To others it is a little 'symbol' they keep close
to their heart, so much it would shatter if it were lost;
their faith is all placed in that little 'symbol' of life
instead, sad they do not know the true and real cost.

Some believe that peace is the quietness in a
place they have to travel to in some distant land;
think they have to go there, see a great Guru
becoming one with the world around us would be grand.

Oh what magical thinking that is, although in fairy tales
that type of thinking is handy and wishes do come true;
I am sure there are some who just leave their life to try
all that, but reality is that most can't, I can't, can you?

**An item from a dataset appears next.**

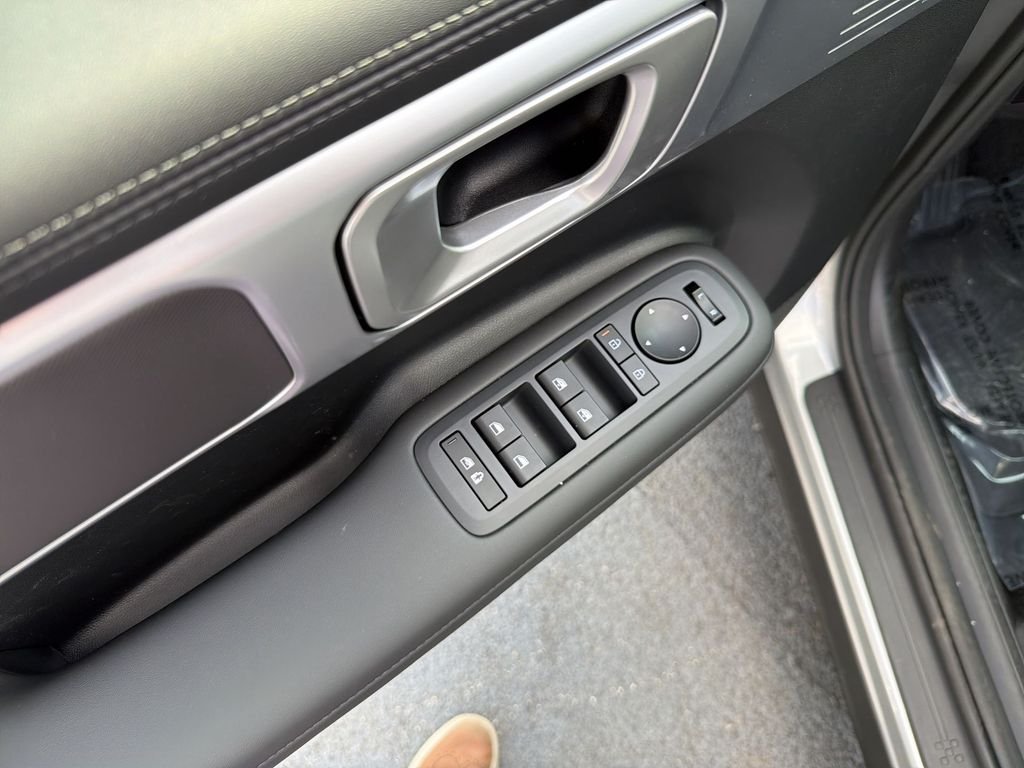 New 2026 Silver Hyundai SEL AWD image 15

I have heard others say that peace to them is only
half hour in the tub without kids bothering them each day;
you laugh, but oh how that really is "heaven" to us moms
who have never locked the bathroom door, had peace that way!

There are other ways to describe peace too,
one word, yet, it can mean so differently to everyone;
it can even mean different things altogether, who knew,
but when it comes down to it, we all want it when the day is done.

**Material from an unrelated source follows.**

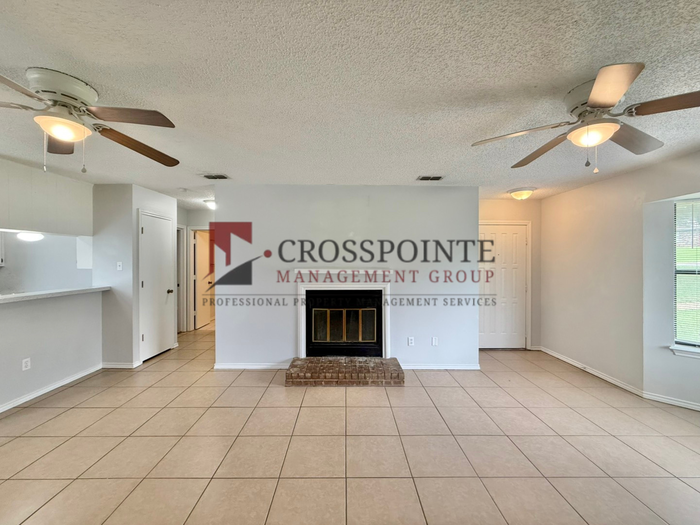 4588 Oak Hill Dr - Photo 3 of 17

One type of peace is inner peace, one that is harder
I think, because it is more of a personal struggle for each;
it isn't something you get an app for, you can't copy, you have
to learn from your heart..it is a personal thing God can teach.

It is nothing that can be forced on you if you aren't ready
like other things in life you have to go through regardless of timing;
each person, their path of peace inside can take different turns
sometimes you are ready, other times you wont see it coming.

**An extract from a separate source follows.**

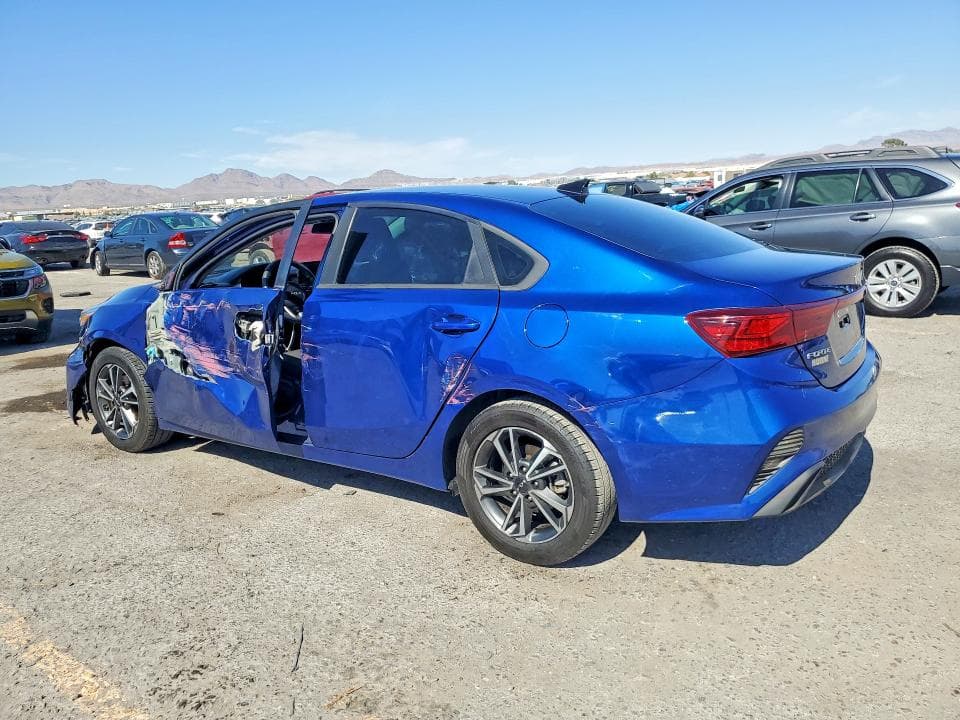 2023 KIA FORTE LXS 2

People say that having that peace inside you is something
that warms your heart, makes you feel love and feel safe too;
they say that its a giant hug from a protector that will never let go
letting you know that you are never alone, that there is love for you.

I wondered about that... it sounds so good, to have such things
so many that I talk to, they say the same thing about it all;
it has to be true, what they say, what they feel inside, right?
I mean, if they have felt this way, the stories couldn't be that tall.

The only thing that I have wondered about, still catches
my heart in a snag every time and pulls it from finding that peace;
is allowing forgiveness for all the things that I have done to myself,
to others and the longer time goes on, I feel the guilt increase.

I do not know how to be free of it; I have tried to let it go,
asked before but didn't 'believe' I could be forgiven... that He was there;
I could still feel the pull of something dark inside of me making me
doubt, pulling me away, I needed... but didn't know how to say a prayer.

So peace, it is I think, something chased after, wanted by everyone
possibly gotten by many in some ways, truly gotten by a few;
I know that I would love to have at least a little bit of peace
in my life from the way things are so that I no longer turn so blue.

If having peace in my heart helps to bring more happiness
to my life, helps to settle things in my mind and in my heart too;
how great that would be... I am on the right path, but the journey
is slow as the doors to my faith are rusty, but in time will be good as new.

I too have a lot of 'symbols'... I have the peace sign on
lots of things that I own, even a key chain I keep close by me;
not that I was old enough to remember the whole 'flower power' thing
but tie dye, peace signs... they just fill me with happiness, think of liberty.

So call me crazy, or call me a lost or a late 'flower child' if you want...
I have heard it all before and I really do not care one bit at all you see;
because I am who I am... blonde hair, blue eyes, crazy at times, fun,
wild music of all kinds, love of VW Beetles, tie dye.. you can't change me!

My peace will come... in time, in its own way
that is up to something so much bigger than me I know;
as long as I do not lose hope along my journey I will be okay,
keeping faith that my day will come, to my better life will I say 'hello'.